Actress Laurie Metcalf has finally reached that exalted status where actors play characters named after themselves.

Ms. Metcalf, who endeared herself on "Roseanne" as Jackie, the neurotic and perpetually unmarried sister, has returned to sitcom land as yet another sidekick on ABC's "The Norm Show" (Wednesdays, 9:30 p.m.) starring comedian Norm Macdonald.

She plays a serious social worker to Mr. MacDonald's tax-evading hockey player who is performing community service to fulfill his terms of probation.

Metcalf herself is a serious actress who got her start alongside estimable actors such as John Malkovich, Joan Allen, and Gary Sinise when they founded Chicago's Steppenwolf Theater in 1976.

The Illinois native's career as a Broadway and Hollywood actress began in 1983 when she went to New York in a Steppenwolf production of "Balm in Gilead," for which she received an Obie Award.
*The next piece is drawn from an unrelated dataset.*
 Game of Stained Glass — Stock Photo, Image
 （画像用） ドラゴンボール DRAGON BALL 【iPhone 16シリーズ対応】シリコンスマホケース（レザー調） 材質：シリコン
The three-time Emmy-winner made her big-screen debut with "Desperately Seeking Susan" (1985) and has continued to appear in films like "JFK" (1991) and "Leaving Las Vegas" (1995). She rose to national attention for her role on TV's "Roseanne" (1988-98).

Metcalf now can reflect on the tumultuous years working with Roseanne, TV's "domestic goddess."

"I wasn't really a part of the chaos" surrounding 'Roseanne,' " she says. "Down on the floor, we didn't really have that tension, not among the cast members."

Appearing on Macdonald's first sitcom was a natural for Metcalf. Macdonald and Bruce Helford, executive producer of "The Norm Show," previously penned lines for her as staff writers on "Roseanne."

Macdonald says he thought of Metcalf first when he was putting his new show together.

"I always enjoyed writing for Laurie on "Roseanne," he says. "I thought she was the funniest one."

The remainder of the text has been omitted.